EXERCISE MATERIAL

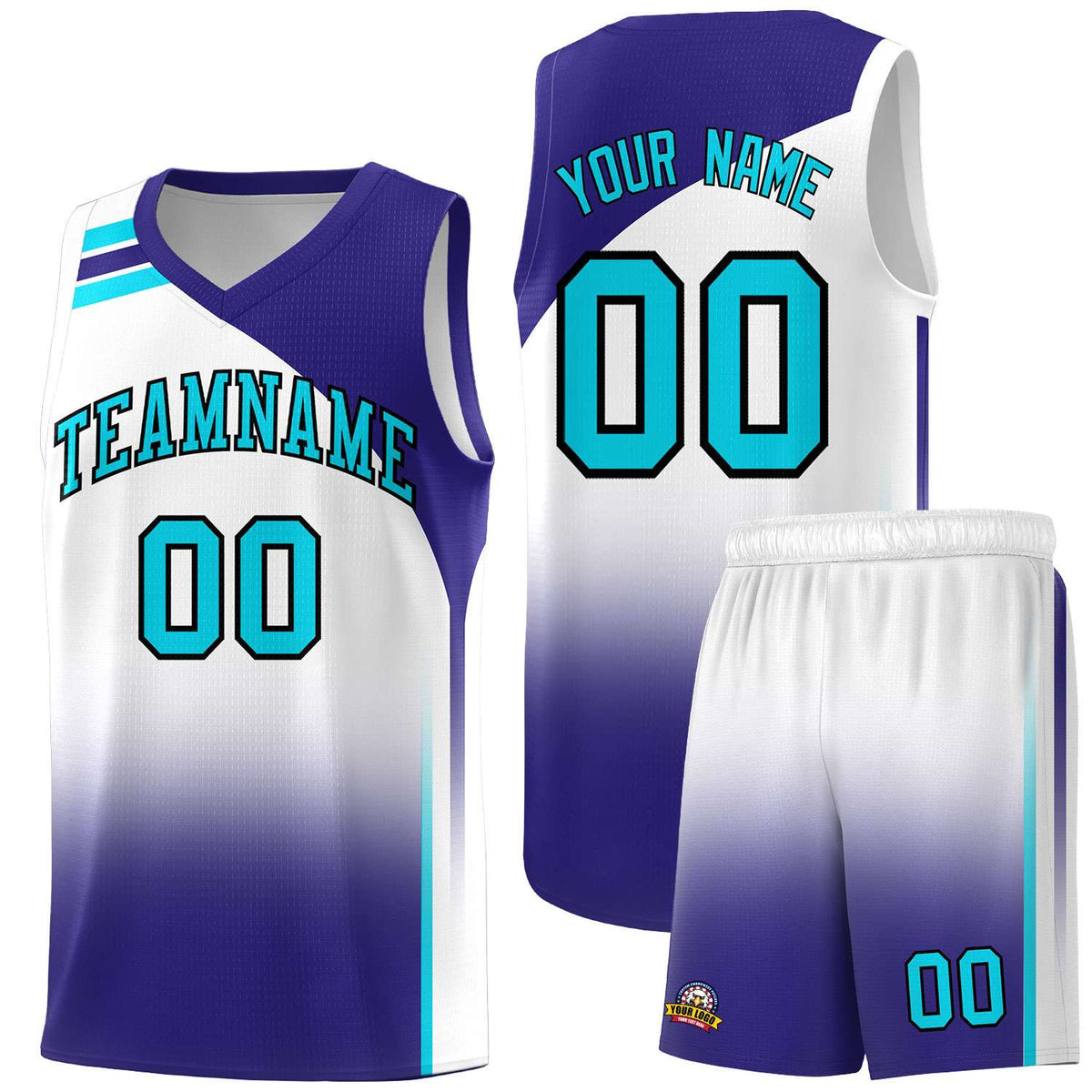 Custom White Royal Gradient Fashion Sets Sports Uniform Basketball Jersey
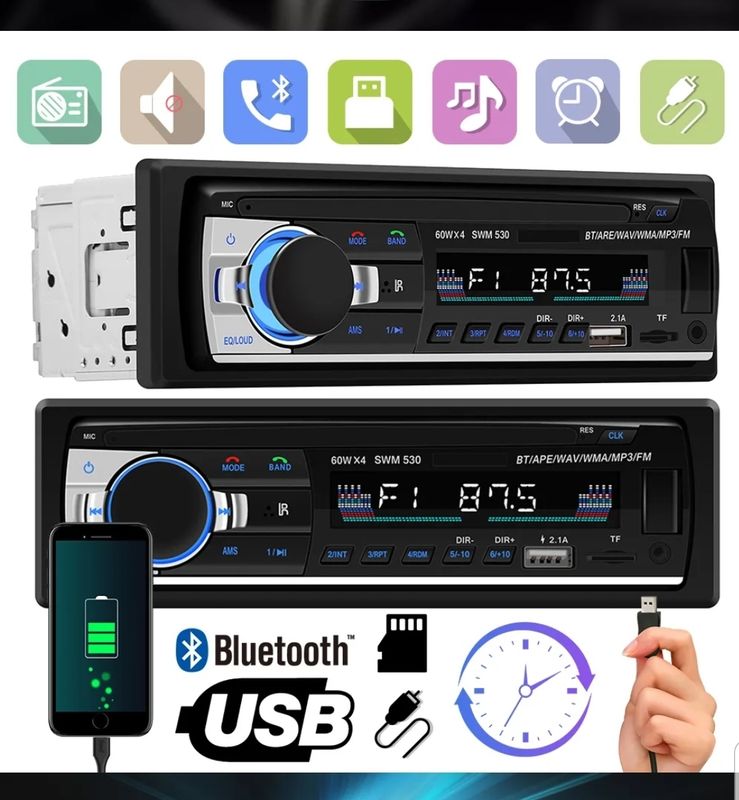 Autoradio Stéréo, Lecteur Mp3 Numérique, Bluetooth, 60w X 4, Fm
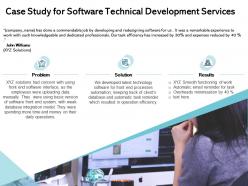 Case Study For Software Technical Development Services Ppt Template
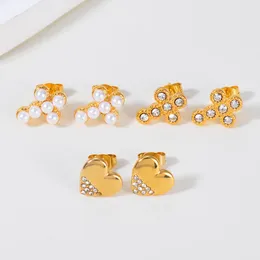 Stud Earrings Tiny Rhinestone Cross Stainless Steel Fashion Trendy Heart For Women Girls Gifts Jewelry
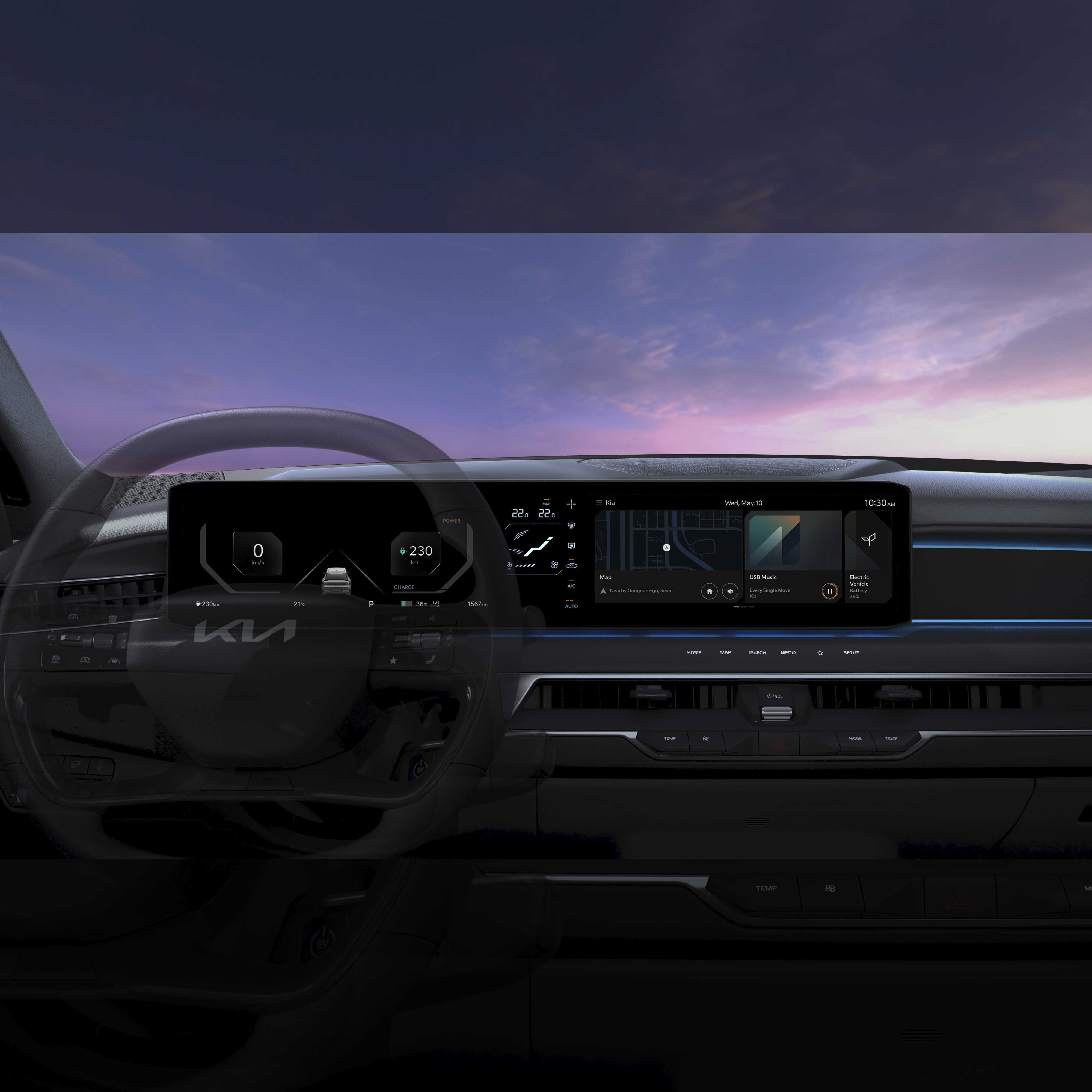 Interior photo highlighting panoramic display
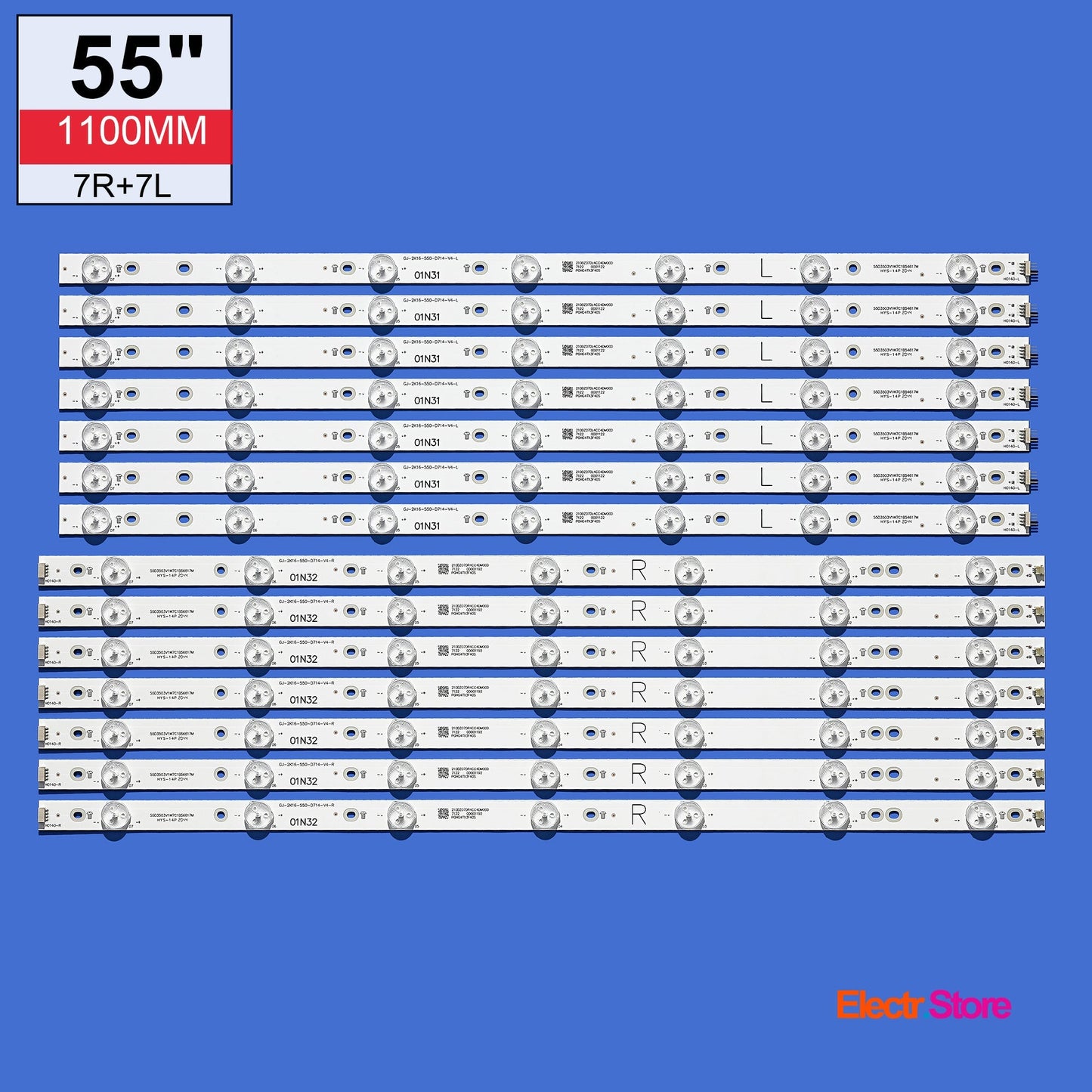 LED backlight Strip Kits, LB55072, LB-PM3030-GJD2P5557X14AGF2-L/R-Y, GJ-2K16-550-D714-V4-L/R (14 pcs/kit), for TV 55" PHILIPS: 55PUS6401/12, 55PUS6501, 55PUS6561 01N31 01N32 55" GJ-2K16-550-D714-V4 LED Backlights PHILIPS Electr.Store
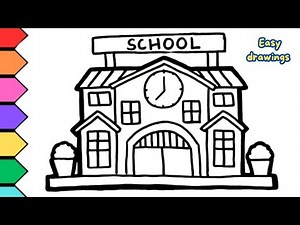 EASY School Drawing & Colouring for Kids | Simple Art Lesson for Beginners 🎨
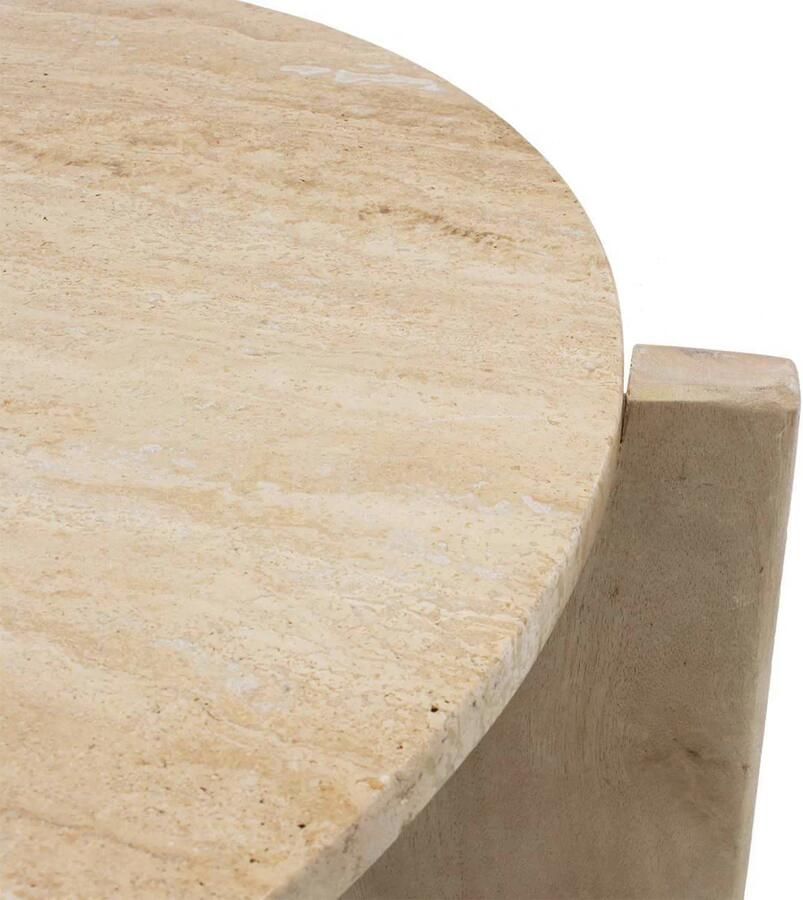Giga Meubel Salontafel Simon Rond Travertin Hout Bruin 60x60x40cm - Foto 2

ASSIGNMENT
Give back the entries above exactly as they stand. Leave the images out.

EXPECTED ANSWER
 Custom White Royal Gradient Fashion Sets Sports Uniform Basketball Jersey
 Autoradio Stéréo, Lecteur Mp3 Numérique, Bluetooth, 60w X 4, Fm
 Case Study For Software Technical Development Services Ppt Template
 Stud Earrings Tiny Rhinestone Cross Stainless Steel Fashion Trendy Heart For Women Girls Gifts Jewelry
 Interior photo highlighting panoramic display
 LED backlight Strip Kits, LB55072, LB-PM3030-GJD2P5557X14AGF2-L/R-Y, GJ-2K16-550-D714-V4-L/R (14 pcs/kit), for TV 55" PHILIPS: 55PUS6401/12, 55PUS6501, 55PUS6561 01N31 01N32 55" GJ-2K16-550-D714-V4 LED Backlights PHILIPS Electr.Store
 EASY School Drawing & Colouring for Kids | Simple Art Lesson for Beginners 🎨
Giga Meubel Salontafel Simon Rond Travertin Hout Bruin 60x60x40cm - Foto 2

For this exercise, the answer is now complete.